The Sentence has 47 words. The points being made are blur. Who corrected the ‘writer’ in ‘another article’? It’s also difficult finding the referent for ‘When there was a positive growth.’ Let’s review this.
In another article, “A Robust Economy under Jonathan than Now”, I corrected the writer by defining recession. Recession is a state of serious economic downturn. The nation experienced this in 2016 than any other time.
Isn’t this clearer? Long sentences don’t make a great message. The shorter sentences do make the message clearer.
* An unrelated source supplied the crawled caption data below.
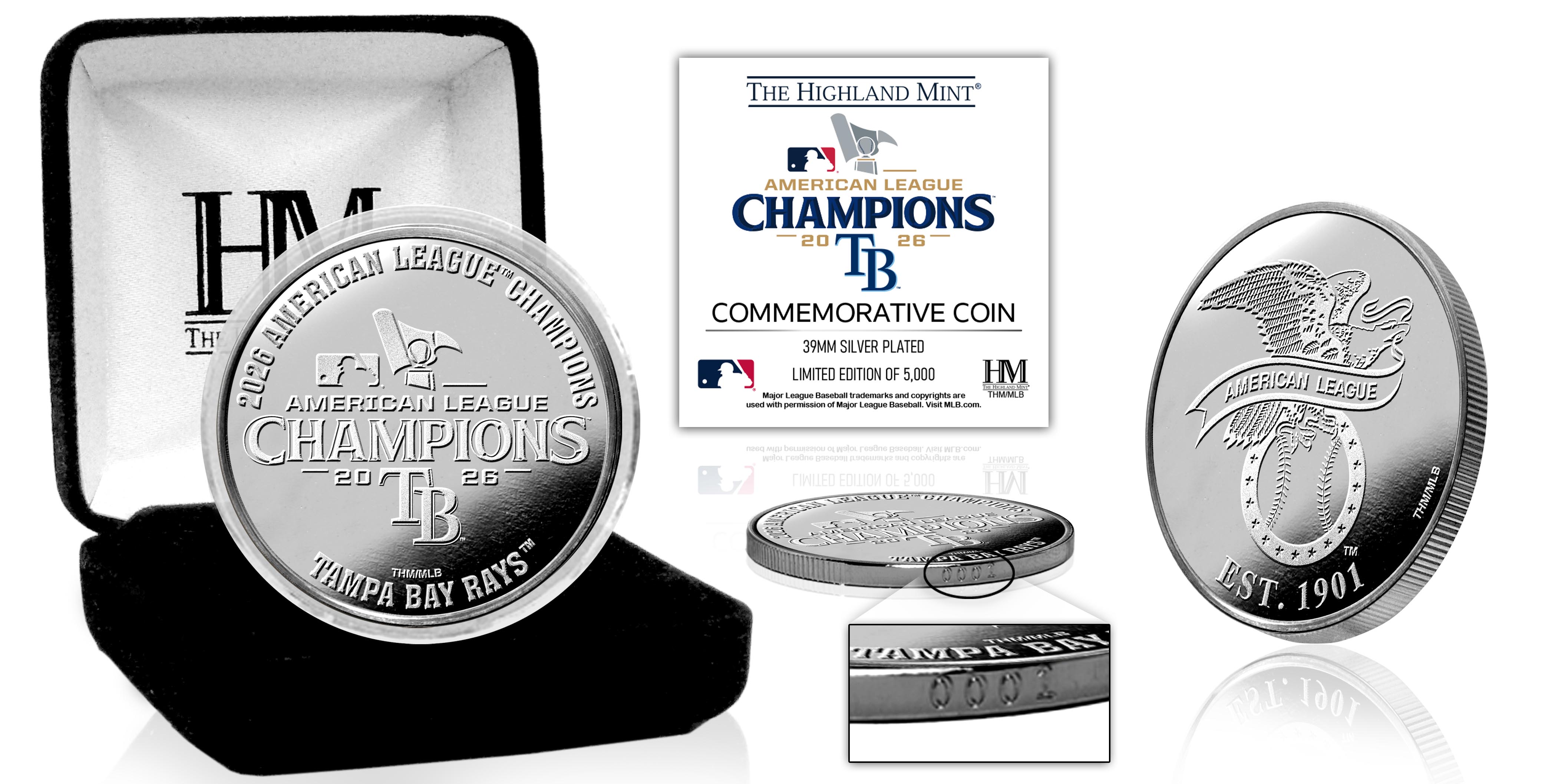 Tampa Bay Rays 2026 AL Champions Silver Coin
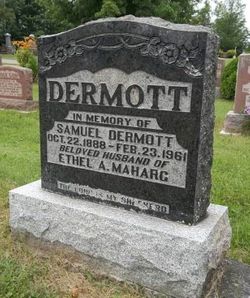 Minnie Ethel Augusta <I>Maharg</I> Dermott 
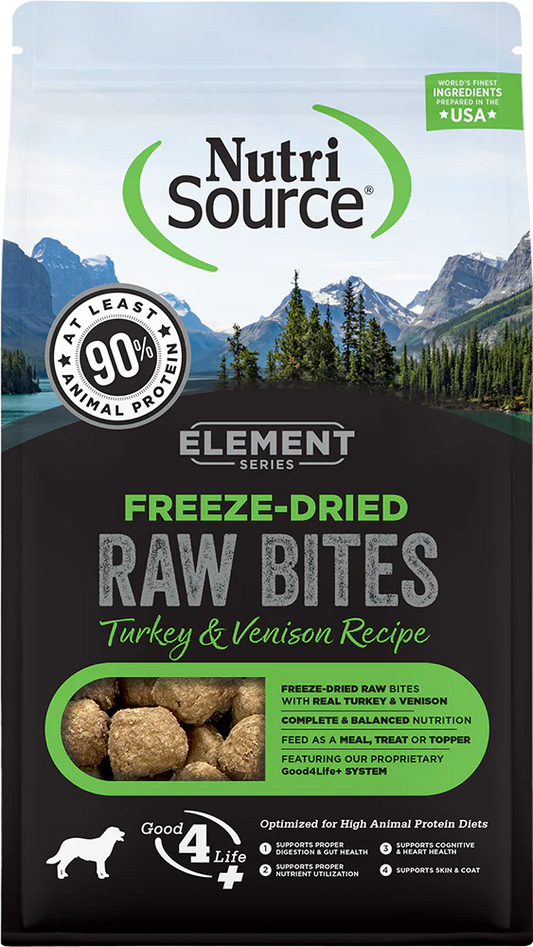 Nutrisource Element Series Freeze Dried Raw Turkey and Venison Recipe Dry Dog Food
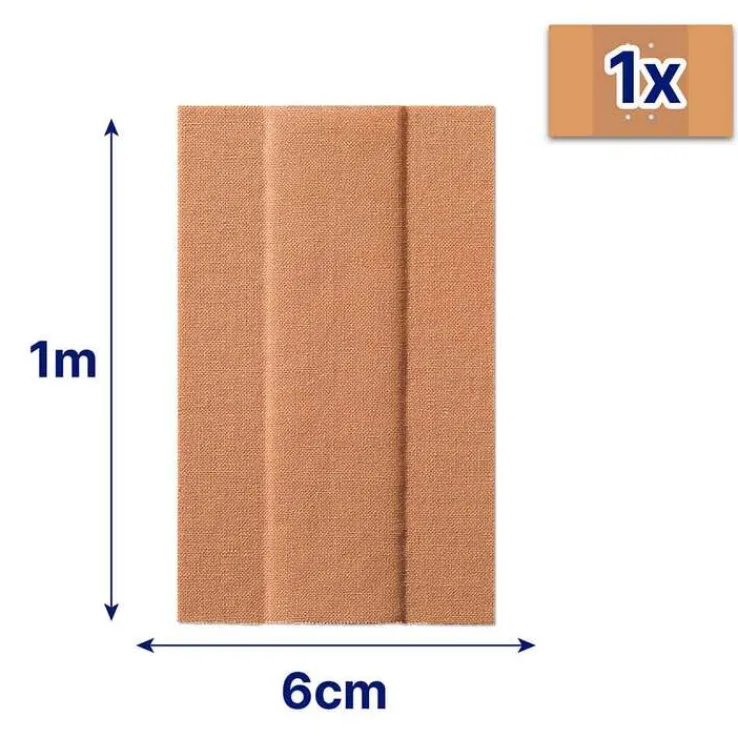 Hansaplast GREEN & PROTECT Pflaster 6 cm x 1 m, 1 St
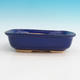 Ceramic bonsai bowl H 08 - 24,5 x 18 x 7 cm, blue - 24.5 x 18 x 7 cm - 1/3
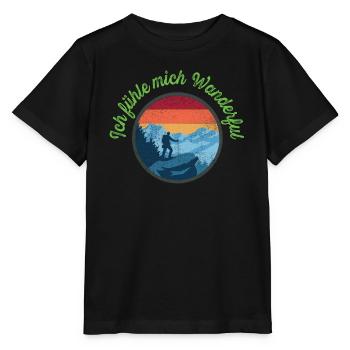 Ich fühle mich Wanderful - Stanley/Stella Kinder T-Shirt MINI CREATOR  - Schwarz - Vorne - Mikhail (115cm)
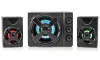 NEDIS Геймърски високоговорители 2.1 мощност 33W 3.5 мм жак LED USB контрол на звука черен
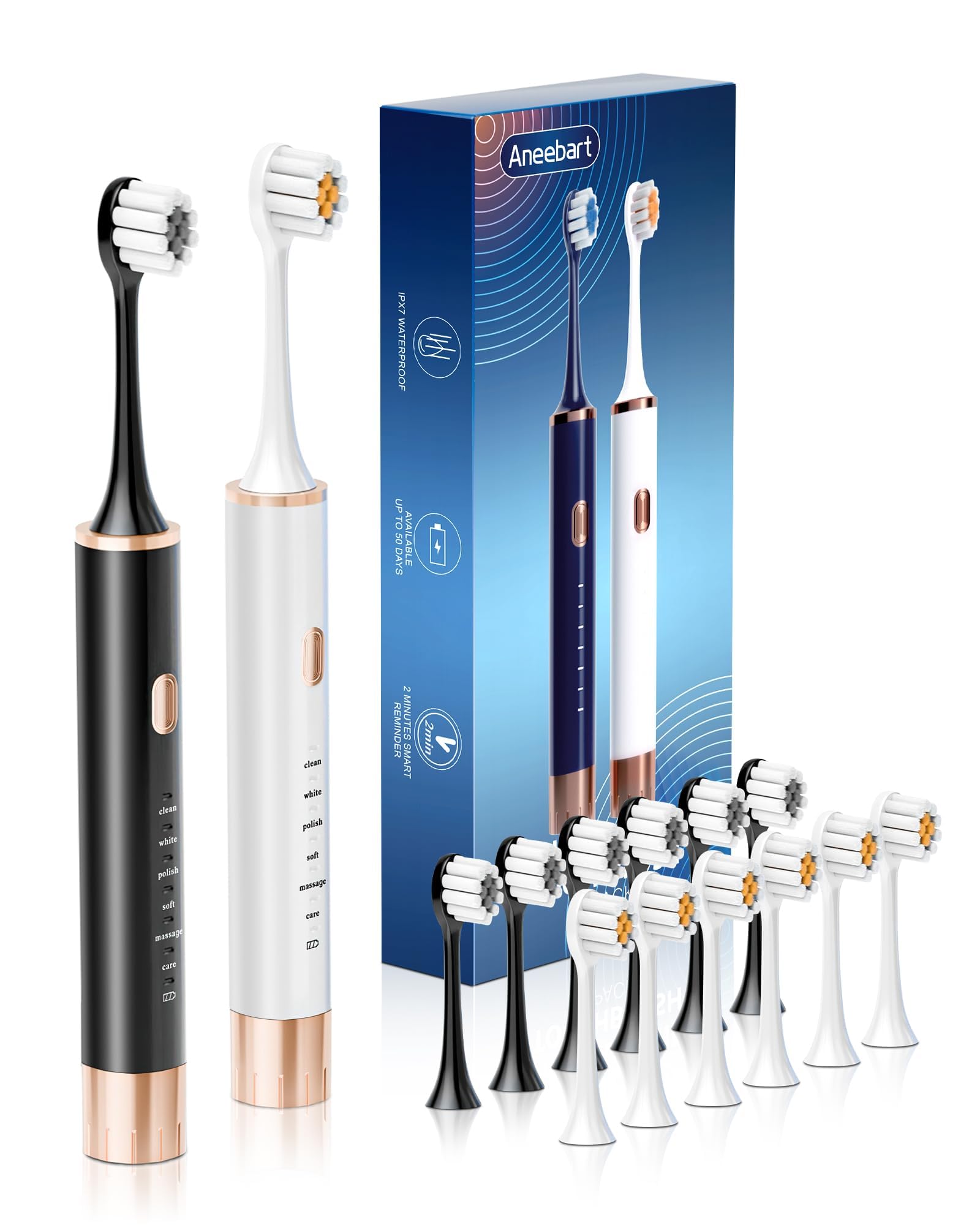 29% Off Aneebart Sonic Electric Toothbrush 2-Pack with Code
Avoid adjectives and adverbs like ‘really’, ‘very’, ‘actually’, and so on. Strong nouns and verbs work better than adjectives and adverbs. Modifiers are important in language, but relying on them to add vigour to the text makes the text weak:
Our new state-of-the-art widget is exceptionally efficient, working more swiftly than any other model on the market.
Here is the revision:
Our new LX5 widget handles projects five times faster than the OP4, the current market favourite.
The excess words slack the pace of your writing and buries your message. Don’t make readers search your text to find the substance. Cut through the excess for sleek text that holds attention and enthusiasm.
Flush the vocabs and synonyms
Using two, three synonyms in a sentence freaks. Readers lose touch with the goal of the text. Verbosity causes sentence bloat. Just look at this.
The birth of an Independent Nigeria, comprising of a cynically contrived union of disparate, disjointed and haphazardgroupings, could in human terms, be likened to the birth of an anomaly bordering on the bizarre and freakish. (Guardian)
‘Disparate’, ‘disjointed’ and ‘haphazard’ are synonyms. This is the same for ‘bizarre’ and ‘freakish’. Piling synonyms together in the same sentence is unnecessary. It’s better to pick the one that best explains the thought.
Remember: The only purpose of a sentence is to get your reader to read the next sentence. Hence, keep it concise, and simple.